Estimated ongoing cost: 3-5% of development time goes to maintaining generators and analyzers. Zero time goes to maintaining "specification documents" because there are no specification documents.


The Cost-Benefit Curves

Cumulative cost over time:

Cost │                           Spec-Driven
     │                          /
     │                         /
     │                        / ← Document maintenance accumulates
     │                       /
     │                      /
     │                     /
     │           ─────────────────── Typed Specifications
     │          /                    (flat after initial investment)
     │         / ← Initial tooling investment
     │        /
     │       /
     │      /
     │     /
     │────/─────────────────────────────────────────
     0    3    6    9    12   15   18   21   24 months

The typed approach has a higher initial cost (building generators and analyzers) but a flatter maintenance curve (no documents to maintain). The spec-driven approach has a lower initial cost (fill in templates) but a steeper maintenance curve (documents must be kept current).

The crossover point — where typed specifications become cheaper total — depends on:

  1. Team size.
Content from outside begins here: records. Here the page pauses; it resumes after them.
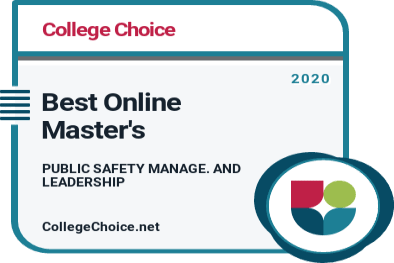 Best Online Master's in Public Safety Management and Leadership Badge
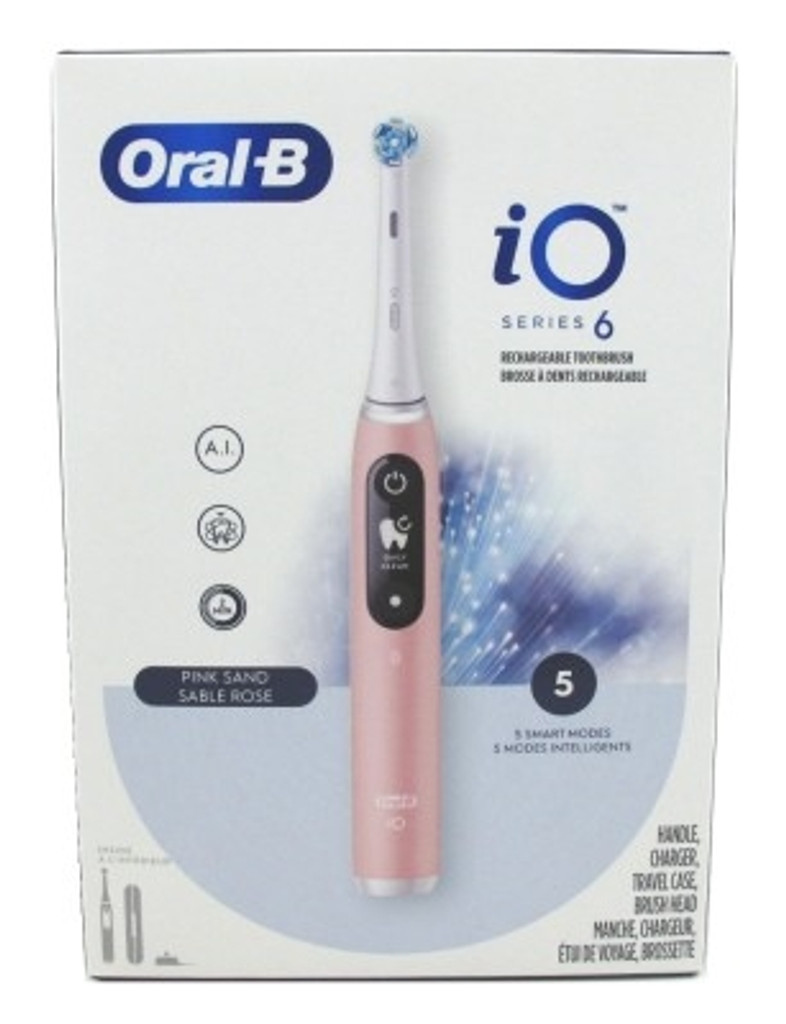 BL Oral-B Toothbrush Io Series 6 Rechargeable Pink Sand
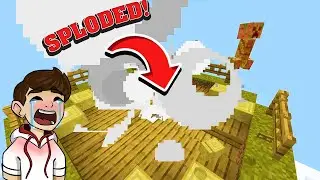 I Got Wrecked by Creepers In Minecraft One Block!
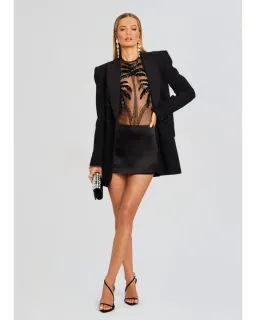 Retrofete Ondine Embellished Dress Black Size XS / AU 6 for rent on The Volte - image 3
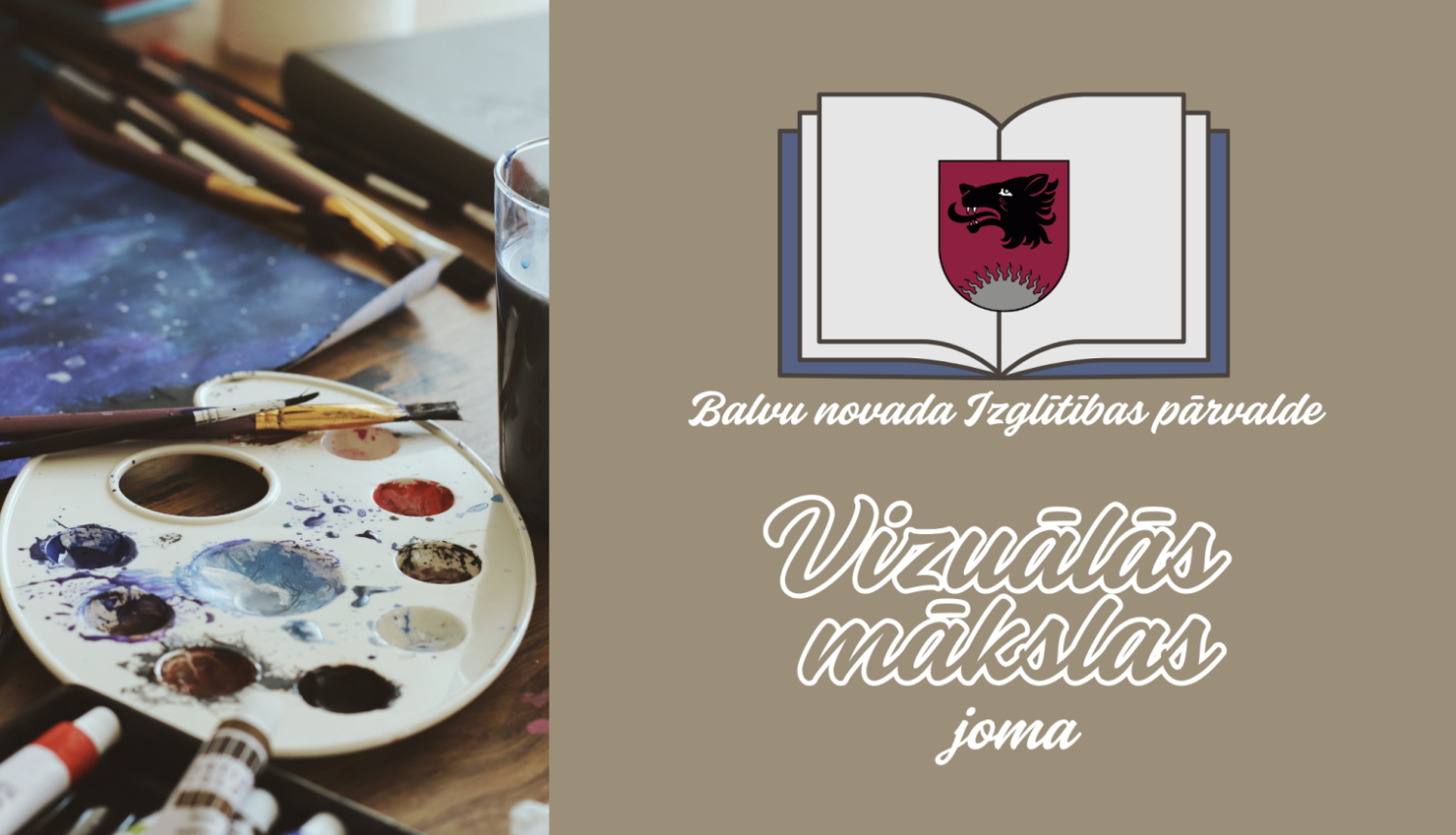 Vizuālās mākslas jomas vizuālais materiāls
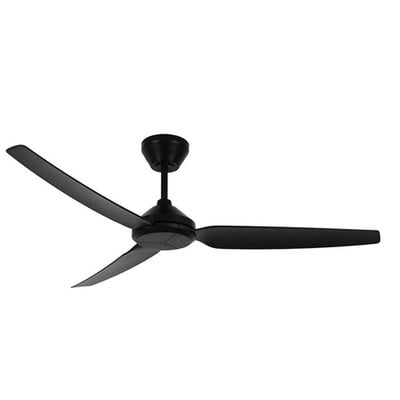 Ceiling Fan Polis 132cm 1 Light Black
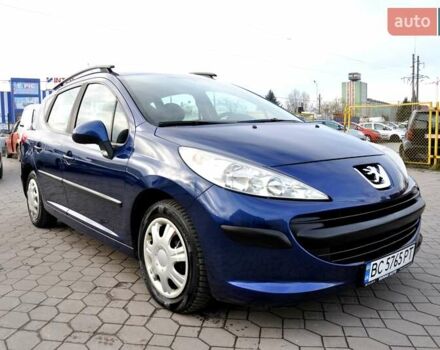 Синий Пежо 207, объемом двигателя 1.4 л и пробегом 250 тыс. км за 3800 $, фото 4 на Automoto.ua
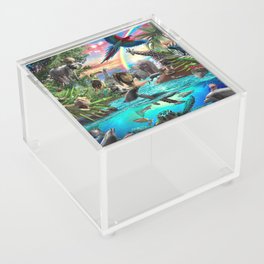 Underwater Jungle Animal Animals Scene Acrylic Box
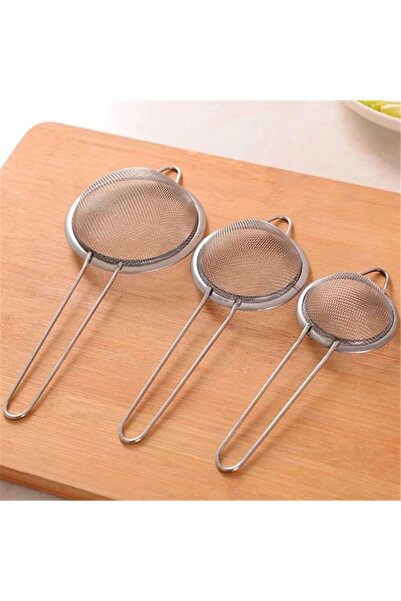 Choice 3 قطع من مصفاة عصير وحليب الصويا المصنوعة من الفولاذ المقاوم للصدأ مع شبكة زيت فائقة الدقة لصيد الزلابية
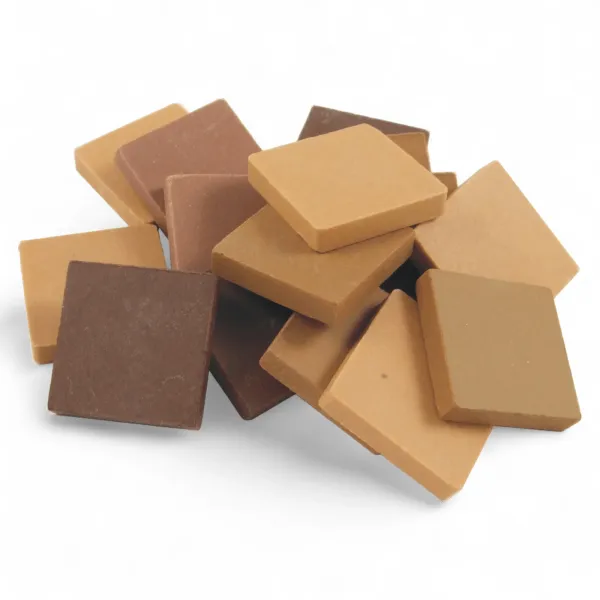 Ceraton® Mosaïques en céramique Terra Mix - 3,5kg environ 1000 pcs.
Larger teams drift faster (more people → more opportunities for divergence).
  2. Change frequency. Rapidly changing projects drift faster.
  3. Compliance requirements. Regulated projects pay a higher cost for drift (audit findings, remediation).
  4. Tooling investment. A team that already has Roslyn expertise pays less for the initial investment.

For a small team (3-5 developers) on a stable project, the crossover might never happen — the spec-driven approach stays cheaper. For a large team (20+ developers) on a rapidly changing project with compliance requirements, the crossover happens within 6-9 months.


The Tooling Paradox at Scale

This section addresses a counterintuitive truth about the spec-driven approach: the more seriously you adopt it, the more you converge toward building your own typed system.

Phase 1: Text Files (Day 1)

You fill in the PRD template. You write acceptance criteria as English sentences. You define quality thresholds as numbers in a .txt file. Everything is text. Everything is simple. No tooling needed.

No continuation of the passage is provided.